À cet égard, même si nous donnons un caractère humain à la machine, il est essentiel de se souvenir que cette « humanité » est constituée de traits artificiels déterminés et attribués par l’humain. Il ne faut pas se perdre dans la technologie comme si elle était le parfait reflet de nous-mêmes, et ce même si elle contient une part de nous. De plus, dans un avenir qui promet des situations complexes liées à ces problématiques, il devient primordial de bien choisir les configurations que nous donnons à nos créations artificielles. À cet effet, la science-fiction spéculative offre un vaste terrain d’expérimentation où de nombreuses configurations peuvent être testées pour envisager les relations que nous voudrons (ou ne voudrons pas) entretenir avec les nouvelles technologies que nous aurons créées.

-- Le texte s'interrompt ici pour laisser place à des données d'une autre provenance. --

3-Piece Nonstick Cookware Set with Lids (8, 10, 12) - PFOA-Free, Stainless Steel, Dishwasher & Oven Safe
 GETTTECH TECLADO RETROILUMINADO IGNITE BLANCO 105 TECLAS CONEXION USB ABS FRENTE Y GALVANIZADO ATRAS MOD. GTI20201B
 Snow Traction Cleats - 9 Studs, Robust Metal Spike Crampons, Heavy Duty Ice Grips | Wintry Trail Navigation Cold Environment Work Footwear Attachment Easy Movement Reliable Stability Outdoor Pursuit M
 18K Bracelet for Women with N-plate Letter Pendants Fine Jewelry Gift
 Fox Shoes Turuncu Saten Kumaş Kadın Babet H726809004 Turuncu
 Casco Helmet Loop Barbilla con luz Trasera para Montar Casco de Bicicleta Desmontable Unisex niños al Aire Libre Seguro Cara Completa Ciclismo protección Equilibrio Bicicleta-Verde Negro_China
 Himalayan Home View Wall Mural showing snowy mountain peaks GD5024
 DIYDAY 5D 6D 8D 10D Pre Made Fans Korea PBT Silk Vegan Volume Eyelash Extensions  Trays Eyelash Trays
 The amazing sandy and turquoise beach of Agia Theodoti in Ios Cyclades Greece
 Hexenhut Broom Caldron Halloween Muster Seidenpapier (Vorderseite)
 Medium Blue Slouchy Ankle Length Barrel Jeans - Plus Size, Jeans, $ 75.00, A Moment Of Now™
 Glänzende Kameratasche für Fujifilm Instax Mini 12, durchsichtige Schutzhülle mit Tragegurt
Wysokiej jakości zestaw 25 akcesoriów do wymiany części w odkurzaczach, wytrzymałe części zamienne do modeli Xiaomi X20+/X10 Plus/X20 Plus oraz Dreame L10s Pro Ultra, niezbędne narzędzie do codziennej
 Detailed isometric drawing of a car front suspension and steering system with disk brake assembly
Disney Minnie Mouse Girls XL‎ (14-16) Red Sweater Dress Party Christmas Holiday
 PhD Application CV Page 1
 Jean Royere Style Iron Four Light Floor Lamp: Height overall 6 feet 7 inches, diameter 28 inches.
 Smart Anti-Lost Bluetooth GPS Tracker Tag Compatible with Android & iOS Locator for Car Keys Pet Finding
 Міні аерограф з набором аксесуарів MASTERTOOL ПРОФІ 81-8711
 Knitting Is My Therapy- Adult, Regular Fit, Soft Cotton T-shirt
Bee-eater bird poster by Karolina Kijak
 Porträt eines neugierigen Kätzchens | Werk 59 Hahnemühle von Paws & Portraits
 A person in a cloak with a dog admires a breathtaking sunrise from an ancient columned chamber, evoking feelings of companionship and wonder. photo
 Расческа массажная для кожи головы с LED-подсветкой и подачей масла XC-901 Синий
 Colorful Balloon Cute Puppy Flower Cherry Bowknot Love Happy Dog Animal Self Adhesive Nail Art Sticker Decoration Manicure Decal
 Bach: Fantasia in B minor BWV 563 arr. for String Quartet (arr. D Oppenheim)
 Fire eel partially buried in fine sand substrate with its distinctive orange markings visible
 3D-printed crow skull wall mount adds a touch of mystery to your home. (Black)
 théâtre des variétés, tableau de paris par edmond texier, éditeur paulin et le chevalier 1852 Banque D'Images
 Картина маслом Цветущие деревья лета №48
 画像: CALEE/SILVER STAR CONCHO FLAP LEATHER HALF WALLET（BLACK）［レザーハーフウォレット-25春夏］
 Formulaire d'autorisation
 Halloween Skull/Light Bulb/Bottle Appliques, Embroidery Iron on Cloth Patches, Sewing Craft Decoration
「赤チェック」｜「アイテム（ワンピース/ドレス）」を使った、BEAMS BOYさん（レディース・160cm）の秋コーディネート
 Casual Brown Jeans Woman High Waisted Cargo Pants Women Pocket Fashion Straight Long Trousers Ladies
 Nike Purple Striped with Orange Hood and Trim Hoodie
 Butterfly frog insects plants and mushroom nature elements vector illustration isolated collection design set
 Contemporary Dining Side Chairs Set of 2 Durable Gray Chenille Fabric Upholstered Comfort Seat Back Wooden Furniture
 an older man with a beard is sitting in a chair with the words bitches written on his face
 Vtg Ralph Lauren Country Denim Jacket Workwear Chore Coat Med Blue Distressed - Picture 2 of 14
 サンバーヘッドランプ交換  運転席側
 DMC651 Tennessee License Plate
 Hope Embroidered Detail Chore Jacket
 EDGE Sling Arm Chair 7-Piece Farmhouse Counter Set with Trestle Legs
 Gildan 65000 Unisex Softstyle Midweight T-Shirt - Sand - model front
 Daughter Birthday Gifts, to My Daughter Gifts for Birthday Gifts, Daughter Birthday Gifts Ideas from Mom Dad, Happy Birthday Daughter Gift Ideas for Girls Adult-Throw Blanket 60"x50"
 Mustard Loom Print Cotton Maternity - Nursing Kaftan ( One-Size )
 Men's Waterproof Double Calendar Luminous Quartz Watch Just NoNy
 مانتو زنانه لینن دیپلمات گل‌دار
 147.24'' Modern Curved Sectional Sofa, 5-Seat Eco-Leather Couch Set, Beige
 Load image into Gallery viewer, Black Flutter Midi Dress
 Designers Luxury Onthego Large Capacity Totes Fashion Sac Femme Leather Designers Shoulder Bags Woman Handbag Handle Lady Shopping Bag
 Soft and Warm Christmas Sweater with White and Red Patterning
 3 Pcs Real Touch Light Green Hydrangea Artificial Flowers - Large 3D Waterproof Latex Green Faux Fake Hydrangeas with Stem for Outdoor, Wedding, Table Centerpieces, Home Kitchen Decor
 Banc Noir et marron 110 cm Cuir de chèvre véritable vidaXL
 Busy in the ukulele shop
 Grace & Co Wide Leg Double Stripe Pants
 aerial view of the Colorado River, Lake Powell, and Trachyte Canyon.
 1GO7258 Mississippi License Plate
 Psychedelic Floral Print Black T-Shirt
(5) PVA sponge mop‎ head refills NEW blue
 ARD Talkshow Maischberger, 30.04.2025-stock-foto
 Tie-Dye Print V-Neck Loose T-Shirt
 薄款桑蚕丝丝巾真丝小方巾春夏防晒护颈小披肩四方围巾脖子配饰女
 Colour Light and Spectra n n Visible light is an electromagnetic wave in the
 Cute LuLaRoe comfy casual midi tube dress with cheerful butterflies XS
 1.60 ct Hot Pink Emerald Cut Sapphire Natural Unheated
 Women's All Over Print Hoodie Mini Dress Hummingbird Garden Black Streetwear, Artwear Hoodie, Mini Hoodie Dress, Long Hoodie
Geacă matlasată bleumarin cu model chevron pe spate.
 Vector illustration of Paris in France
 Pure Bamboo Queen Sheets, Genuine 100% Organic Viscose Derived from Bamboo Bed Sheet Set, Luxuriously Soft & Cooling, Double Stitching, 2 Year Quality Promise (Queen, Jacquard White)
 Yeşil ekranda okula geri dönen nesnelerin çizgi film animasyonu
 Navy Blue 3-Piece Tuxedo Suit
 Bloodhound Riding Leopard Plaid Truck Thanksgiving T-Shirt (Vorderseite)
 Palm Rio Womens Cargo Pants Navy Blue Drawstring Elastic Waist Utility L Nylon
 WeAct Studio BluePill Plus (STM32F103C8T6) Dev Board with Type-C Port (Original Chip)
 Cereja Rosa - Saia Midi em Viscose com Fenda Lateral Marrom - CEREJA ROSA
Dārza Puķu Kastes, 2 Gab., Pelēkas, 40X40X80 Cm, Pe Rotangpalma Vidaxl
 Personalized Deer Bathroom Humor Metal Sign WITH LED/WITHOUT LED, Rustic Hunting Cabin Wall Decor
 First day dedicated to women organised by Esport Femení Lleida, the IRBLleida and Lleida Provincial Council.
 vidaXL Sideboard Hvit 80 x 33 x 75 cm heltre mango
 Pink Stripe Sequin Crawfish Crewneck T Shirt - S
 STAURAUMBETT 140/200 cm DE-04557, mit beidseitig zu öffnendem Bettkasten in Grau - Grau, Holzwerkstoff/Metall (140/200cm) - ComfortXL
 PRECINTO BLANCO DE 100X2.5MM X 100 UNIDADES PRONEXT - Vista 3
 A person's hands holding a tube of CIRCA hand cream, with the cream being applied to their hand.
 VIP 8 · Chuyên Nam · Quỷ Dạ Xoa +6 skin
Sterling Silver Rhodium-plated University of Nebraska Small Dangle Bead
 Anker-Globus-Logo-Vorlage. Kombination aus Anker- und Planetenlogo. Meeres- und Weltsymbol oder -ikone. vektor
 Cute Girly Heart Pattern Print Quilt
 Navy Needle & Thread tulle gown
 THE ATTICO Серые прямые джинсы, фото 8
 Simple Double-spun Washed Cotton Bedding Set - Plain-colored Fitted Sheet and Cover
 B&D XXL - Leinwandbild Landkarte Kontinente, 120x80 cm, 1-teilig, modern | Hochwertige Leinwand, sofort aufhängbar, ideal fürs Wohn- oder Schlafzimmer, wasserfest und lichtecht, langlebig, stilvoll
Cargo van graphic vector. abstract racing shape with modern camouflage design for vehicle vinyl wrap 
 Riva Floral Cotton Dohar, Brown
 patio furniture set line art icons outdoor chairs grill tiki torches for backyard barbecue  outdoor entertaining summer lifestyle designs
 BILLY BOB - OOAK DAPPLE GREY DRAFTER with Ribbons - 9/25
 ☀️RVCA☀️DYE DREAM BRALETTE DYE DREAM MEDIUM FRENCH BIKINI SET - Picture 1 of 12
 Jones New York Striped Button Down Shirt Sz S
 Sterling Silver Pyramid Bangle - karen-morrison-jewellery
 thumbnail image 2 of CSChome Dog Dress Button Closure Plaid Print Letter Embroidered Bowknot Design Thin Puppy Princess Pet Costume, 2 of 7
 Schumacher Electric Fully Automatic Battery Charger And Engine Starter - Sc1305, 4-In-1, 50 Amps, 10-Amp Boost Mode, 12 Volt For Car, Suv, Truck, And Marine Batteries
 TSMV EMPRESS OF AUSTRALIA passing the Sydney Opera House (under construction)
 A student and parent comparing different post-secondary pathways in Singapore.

Conclusion : imaginons le futur
En conclusion, cette réflexion montre comment la science-fiction spéculative permet d’imaginer l’impact de certaines technologies sur l’être humain. Les expérimentations fictives d’Olga Ravn dans Les employés permettent d’explorer l’inconnu dans et par l’imaginaire. Un imaginaire qu’il ne faut pas appréhender comme factice, car il s’incarne dans des enjeux, des affects et des situations réelles qui résonnent dans notre contemporanéité41.
Dans un monde de plus en plus régi par la technologie, l’étude du roman d’Olga Ravn nous invite à ne pas oublier de réfléchir à ce qui constitue notre humanité, une humanité qui entre parfois en friction avec les impératifs technologiques. Plutôt que de voir ces contraintes humaines humaines comme une limite, il faut les envisager comme des avertissements et des orientations pour nous guider vers un futur pensé pour l’humain. Comme le déclare un ressemblant (cyborg) dans Les employés, « les humains sont peut-être justement cette part de chaos qui maintient le monde en vie » (Ravn, 2020, p. 127-128).
Par ailleurs, la science-fiction spéculative peut jouer un rôle crucial pour nous permettre de réfléchir aux différents enjeux technologiques qui ne sont pas encore en application dans nos sociétés, mais qui peuvent devenir des réalités dans un futur proche. À cet effet, la fiction constitue un pont efficace pour explorer ces régions inconnues, mais importantes, de l’avenir. En 1977, dans sa leçon inaugurale au collège de France, Roland Barthes affirmait que la littérature « ne dit pas qu’elle sait quelque chose, mais qu’elle sait de quelque chose42 ». C’est donc au texte littéraire, à travers une pensée et une interrogation construite par les textes, de déterminer la nature de ce « quelque chose ». Un « quelque chose » qui, dans le cadre expérimental et réflexif de la science-fiction spéculative, peut s’avérer fondamental pour construire le monde de demain.